In nature, the aggregation of molecules into superstructures plays an important role. Dynamic microtubules are protein filaments that combine with other components to form the cytoskeletons of our cells. During the cell cycle, microtubules constantly assemble and disassemble. Scientists from Nankai University and the Collaborative Innovation Center of Chemical Science and Engineering (Tianjin, China) conceived of the idea to combine microtubules into larger supramolecular aggregates using synthetic "receptors." In this way they hoped to produce innovative biomaterials and gain new knowledge about biological aggregation processes.
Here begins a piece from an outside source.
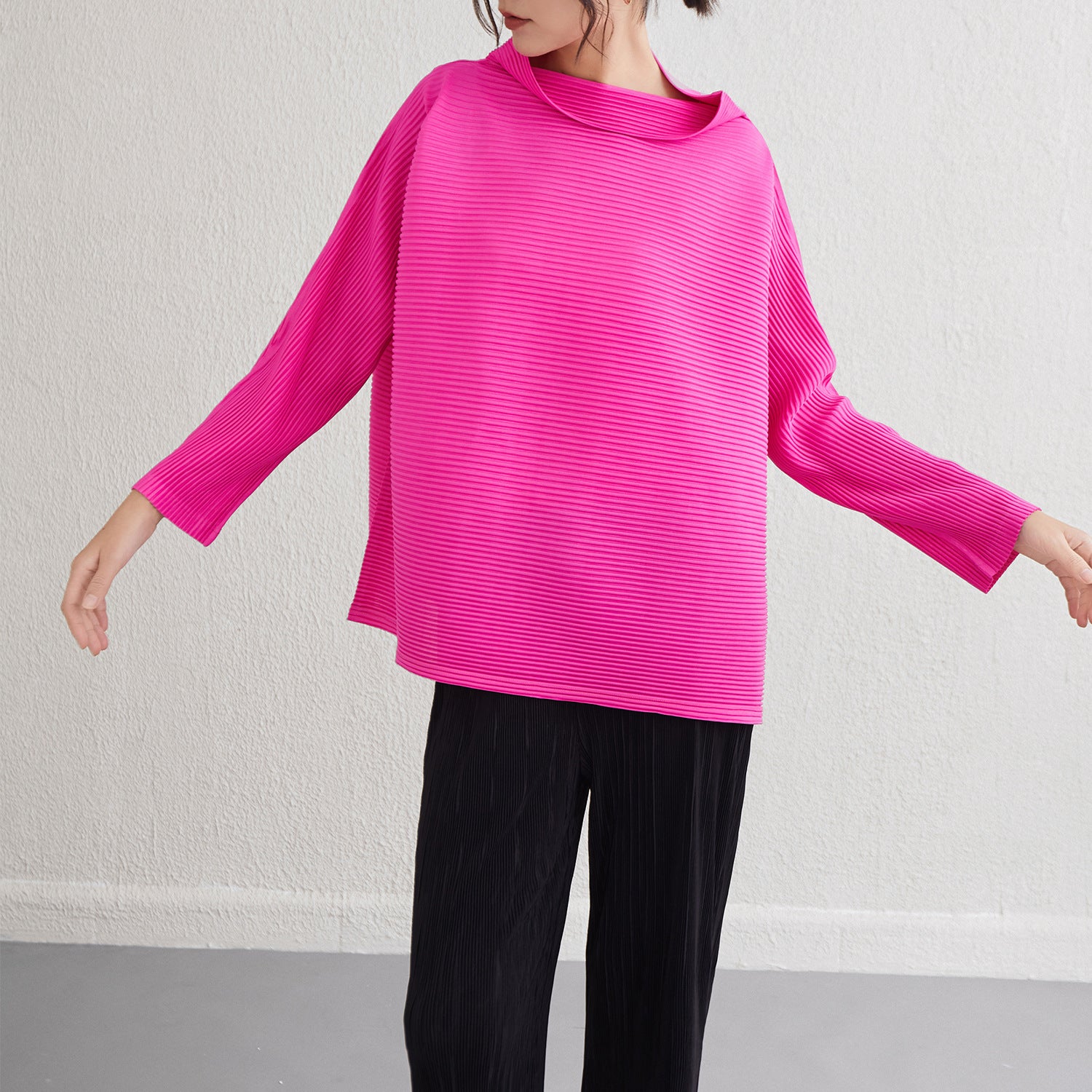Pleats Please High-Neck Sweatshirt – Long-Sleeve Pleated Casual Top
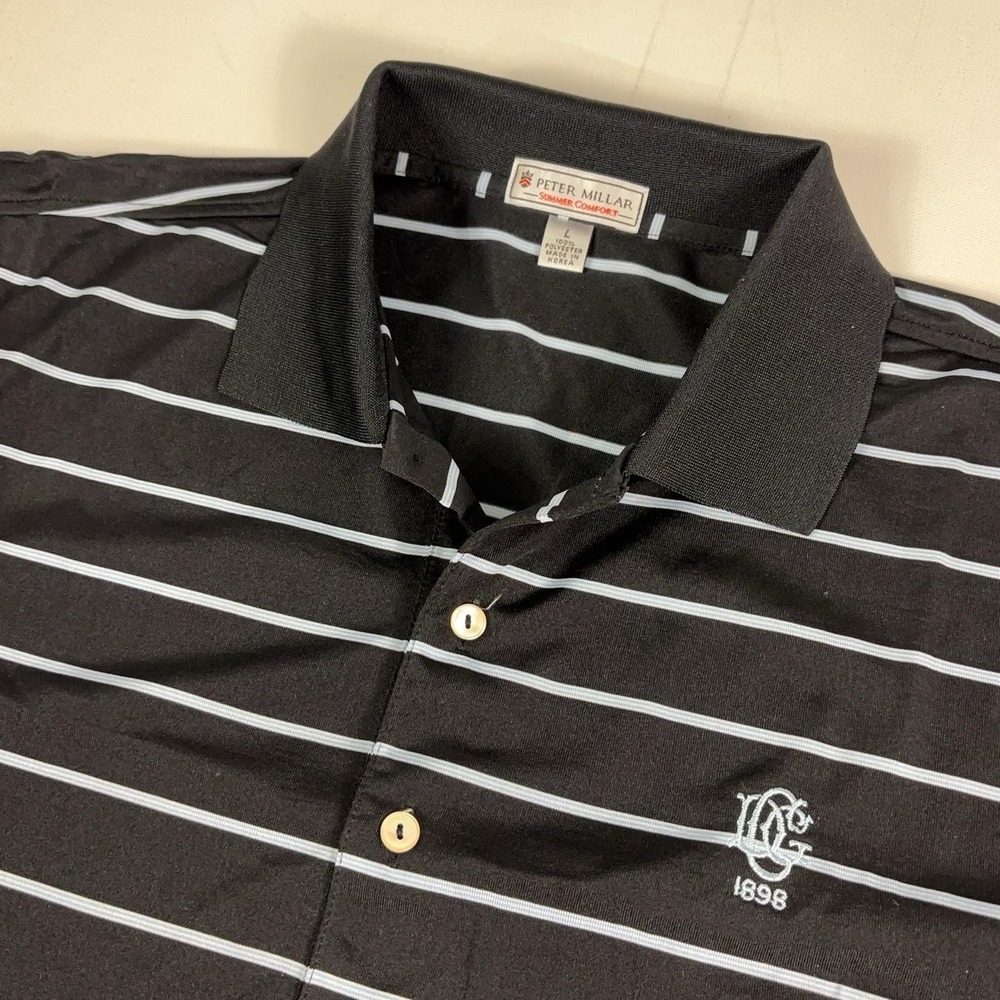 Peter Millar Summer Comfort Polo Shirt Mens Large Black Stripe Golf Short Sleeve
To attach the synthetic receptors to the microtubules, the team working with Yu Liu chose a cancer drug called paclitaxel. This molecule binds to microtubules and blocks deconstruction of the cytoskeleton, stopping cell division and causing cell death. As a receptor, the researchers chose a large cup-shaped molecule from the cyclodextrin family. These macrocyclic molecules can incorporate other molecules as "guests" in their large cavities. In this case the guest is an arylazopyrazole (AAP), a molecule with two aromatic rings bridged by a nitrogen-nitrogen double bond. The molecule can take one of two forms: a bent cis form and a straight trans form. Only the straight version fits into the cyclodextrin "cup." The clever trick here is that, by using light of two different wavelengths, the AAP can be switched back and forth between its two forms at will.
The researchers used paclitaxel as a connector to attach "cups" and their "guests" to microtubules. Irradiation with visible and UV light switches the microtubules between an aggregated and non-aggregated form, respectively, as demonstrated by spectroscopic and microscopic examination. The aggregates take on a broad range of morphological variations, ranging from nanofibers to nanoribbons and nanoparticles of different sizes.
It is particularly interesting that the aggregation of the microtubules can also be triggered within cells. This causes the cells to shrink and die, which demonstrates that the cytotoxic effect of paclitaxel can be increased significantly.
The researchers hope that their approach will increase our understanding of the processes involved in physiological and pathological protein nanoassembly, and could create new prospects in the treatment of diseases caused by the improper aggregation of proteins.